Despite being the 2nd greenest country in Asia, roughly 95% of Singapore’s electricity is generated from natural gas. Visioning forward, the country aims to further develop sustainable energy as part of its 2030 green plan. Concerning the said issue, Singapore’s government intends to import electricity generated from green energy in the form of low-carbon electricity up to 4 gigawatts (GW) or around 30% of its total supply by the year 2035. However, the transition to renewable energy doesn’t guarantee cheaper electricity - as the costs of transmission, backup, and grid enhancements might even increase Singapore’s spendings to power its country. As of now, Singapore is considering laws that would allow the Energy Market Authority (EMA), the country's energy regulator, to impose pollution restrictions on power producing businesses. Due to a tight requirement of importing low-carbon power, EMA will not accept proposals from coal-generated electricity. The first proposal will be established in November with a plan to import up to 1.2 GW of electricity starting in 2027. The second proposal is expected to be issued in the second quarter of 2022 and will encompass the remaining electricity imports by 2035. These imports will allow Singapore to develop regional power grids, support decarbonization, climate action, and diversify energy sources.

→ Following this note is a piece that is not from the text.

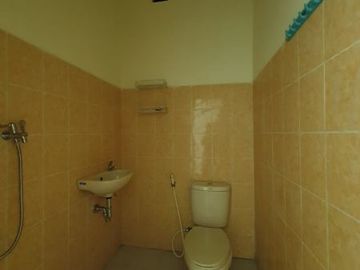 Ruko Dijual Di Kota Malang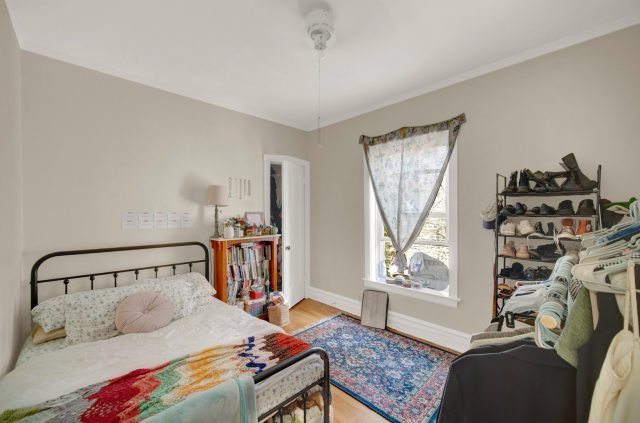 Building Photo - 3 bedroom in Chicago IL 60626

Prior to this import policy, the energy crisis was occurring in a number of countries, one of which was experienced by Singapore. The energy crisis that occurred in Singapore was not separated from its relationship with Indonesia. The factor that escalated this issue in Singapore is its dependence on Indonesia in natural gas supply. In July 2021, the West Natuna pipeline used to import natural gas from Indonesia was damaged. In contrast to the high demand for electricity, the low energy supply could potentially lead to spikes in electricity prices. Knowing, Singapore is a country that relies on gas for electricity generation. This country almost fulfills all of its energy needs with imports. On the other hand, there is an increase in Liquid Natural Gas (LNG) prices throughout the world, which further accelerates the crisis in Singapore. As an impact, Singapore’s power plant company had trouble switching the purchase to LNG to cover gas pipeline supply deficiency from Indonesia. The issue also affects the three electricity companies in Singapore: Best Electricity Supply, Ohm Energy, and iSwitch Energy - which have stopped their enterprise due to the surge of electricity cost. By shifting to renewable energy, Singapore hopes to create energy stability and minimize volatility in electricity prices.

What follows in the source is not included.